Only a free and unrestrained press can effectively expose deception in government. And paramount among the responsibilities of a free press is the duty to prevent any part of the government from deceiving the people and sending them off to distant lands to die of foreign fevers and foreign shot and shell.
?Justice Black in NEW YORK TIMES CO. v. UNITED STATES, 403 U.S. 713 (1971)

Anonymous Coward says:

Re:

The question of classification of information. What boxes can you use and what can’t you?

– Classified information from government?
– Classified information from private companies?
– Copyright protection for works from private companies?
– Unlicensed use of patented products for private companies?

If you are saying yes to all those limitations, the question is: How far can you use these marks to censor?

– If an employee from the government leaks a document with no official classification yet?
– Lowly classified information with no general restriction of who gets to see them?
– Having the government pay for protecting a trade-secret for a private american company?
– Making the government pay for prosecution of people for illegal copying?
– Having the government investigate and break private companies confidentiality to produce evidence of them illegally using a patent held by another company?

Those are just a few of the ethical questions you have to answer because of “that is different” and if the answer is “it depends” you have to further specify where the line for censorship has to be drawn.

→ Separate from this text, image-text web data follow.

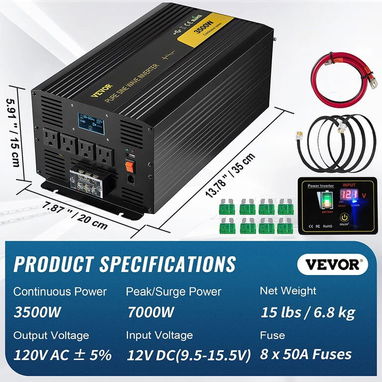 Inversor VEVOR 3500W 7000W Pico Onda Pura 12V a 120V Con Control Remoto Pantalla LCD USB GFCI Para RV Solar Negro - Img 123181181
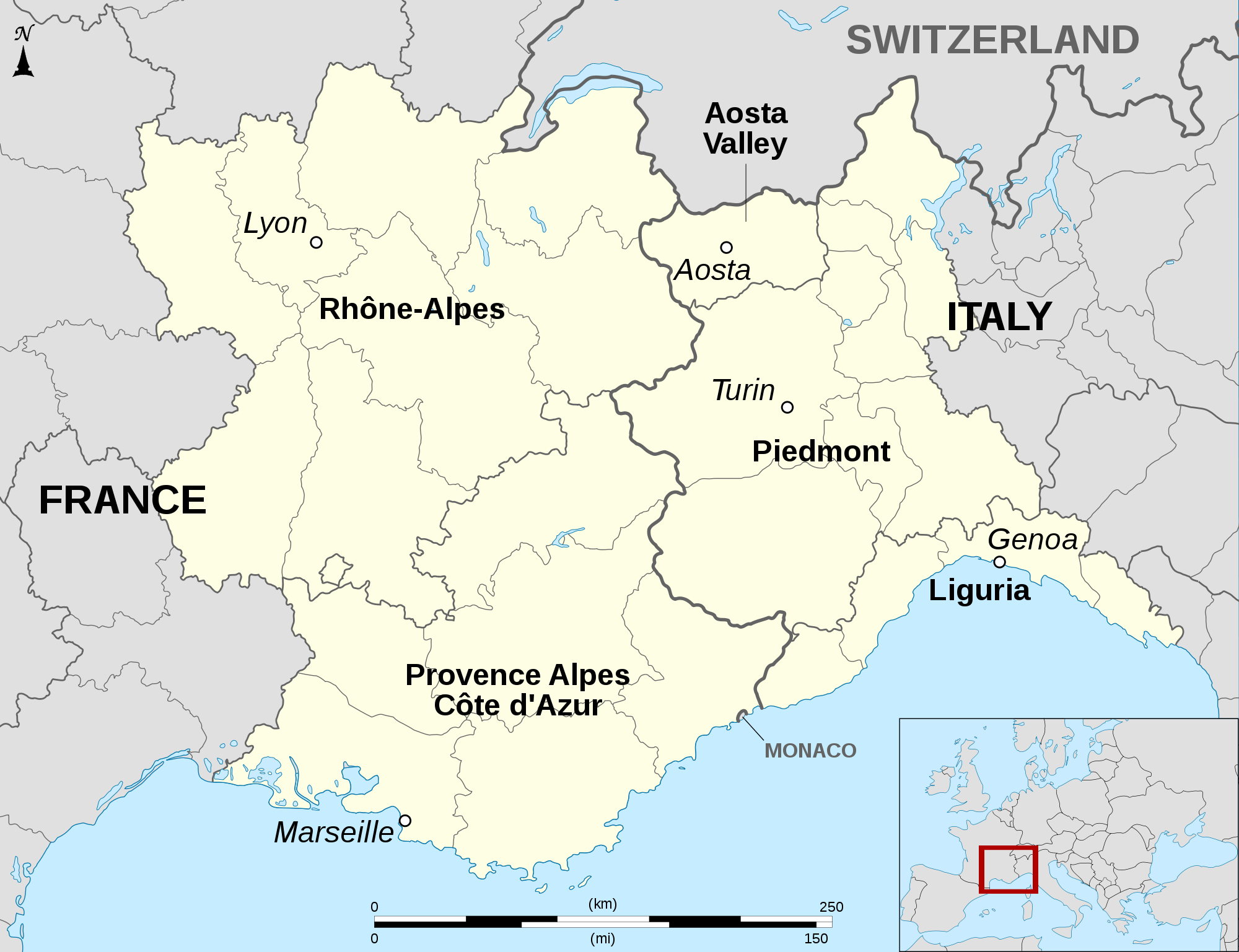 Alps Mediterranean Euroregion Map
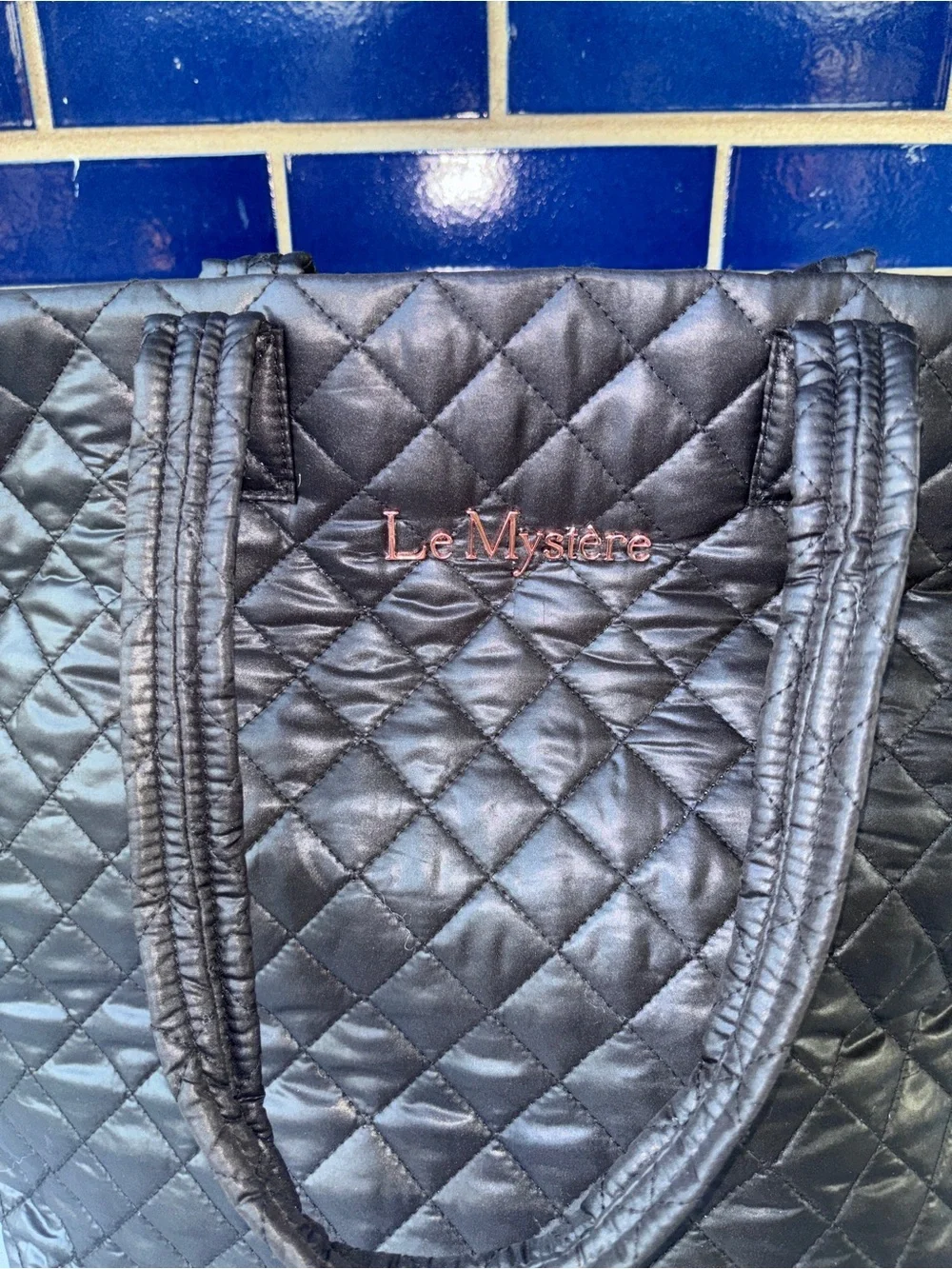 Le Mystere Quilted Black Tote Bag 19x14.5 Inch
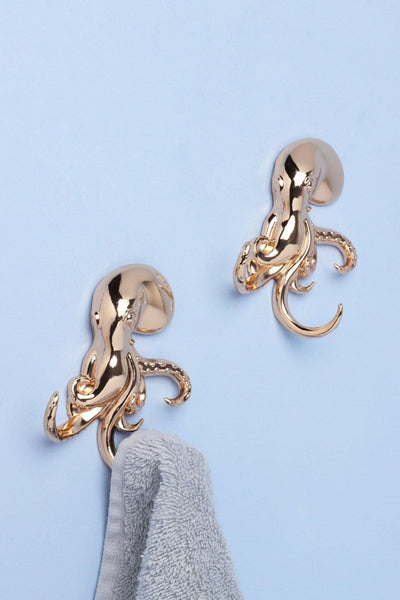 Gdecorstore All Hooks Gold Set Of Two Gold Solid Brass Octopus Wall Coat Hooks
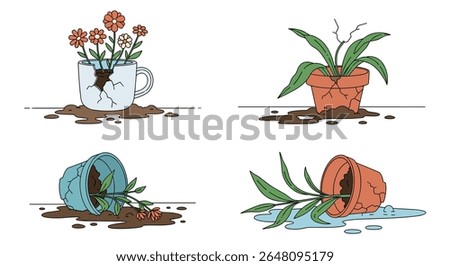 Creative Plant Pots Showcasing Broken Vessels and Spilled Soil for Garden Design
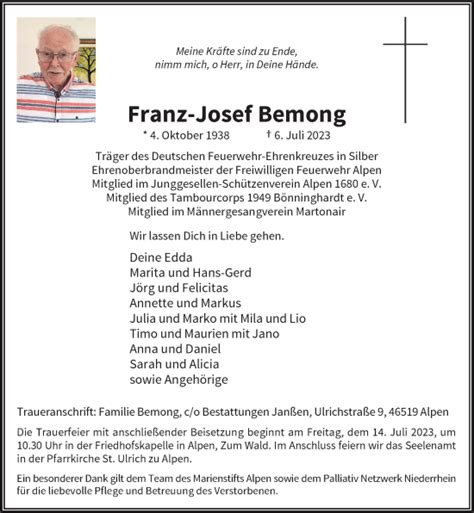 Alle Traueranzeigen für Franz Josef Bemong trauer rp online de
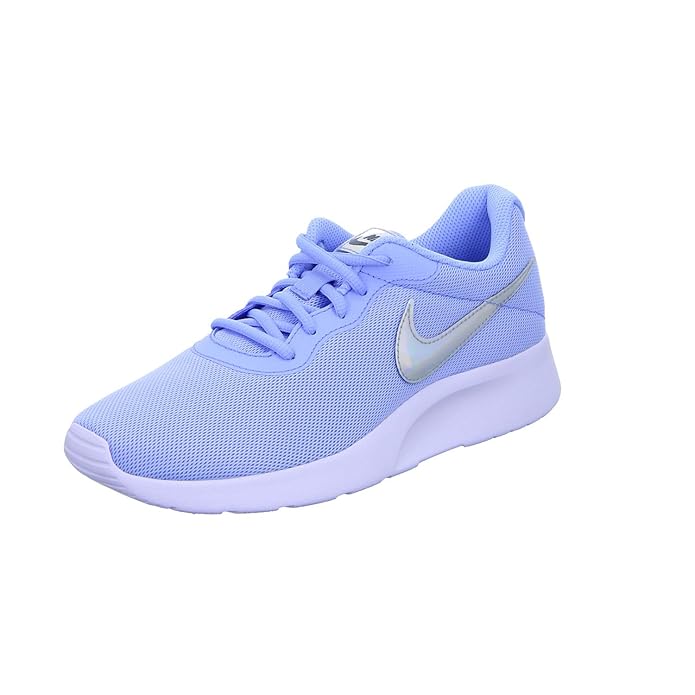 Nike Tanjun Damen Sneaker Laufschuhe Blau mit Silbernem Streifen (Aluminum)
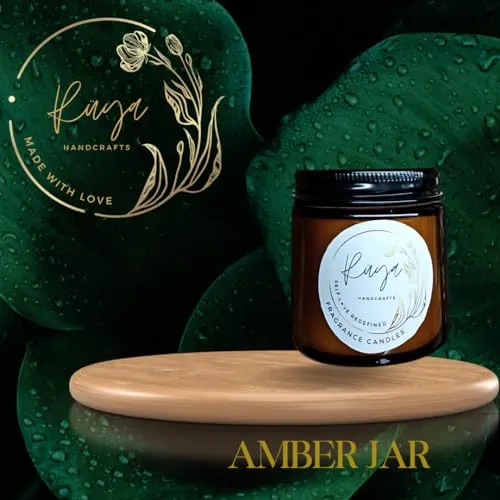 Ruya's Handcrafts Amber Single Wick Clear Quartz Stone | Mood Enhancer That Evokes Childhood Memories, Therapy Candles | Manifestation Glow Candles (Lush Nodes)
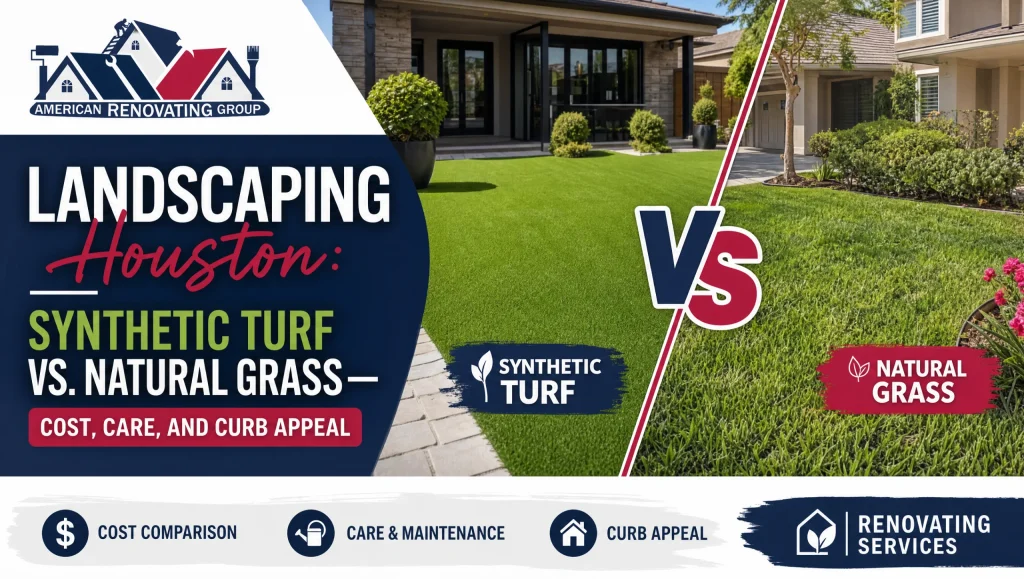 Landscaping Houston: Synthetic Turf vs. Natural Grass—Cost, Care, and Curb Appeal Landscaping Houston side-by-side view of synthetic turf and natural grass in a sunny backyard, with a drip irrigation line and basic yard maintenance tools visible
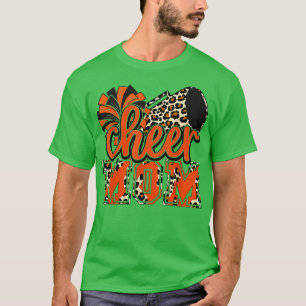 Camiseta Cheer Poms y Megaphone, Naranja Leopard de la Madr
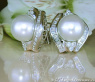Giant Southsea Pearl Earrings with Diamonds (13,5 - 14 mm)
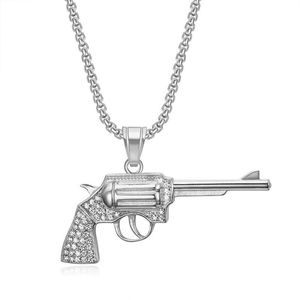 yunnique Revolver Pendant Necklace Stainless Steel Gold Plated Pave Setting Men's Hip Hop Jewelry Gift - Product Image 5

Any kind of deletion of information qualifies as censorship and trying to give the impression that the arbitrary lines drawn by USA or EU are more legitimate than those drawn by India and China is not a question of “internet freedom”. It is a question of poorly thought through legislation and overreaching enforcement making something that should be simple very complicated and “that is different” is exactly the same as saying “it is complicated” in this context.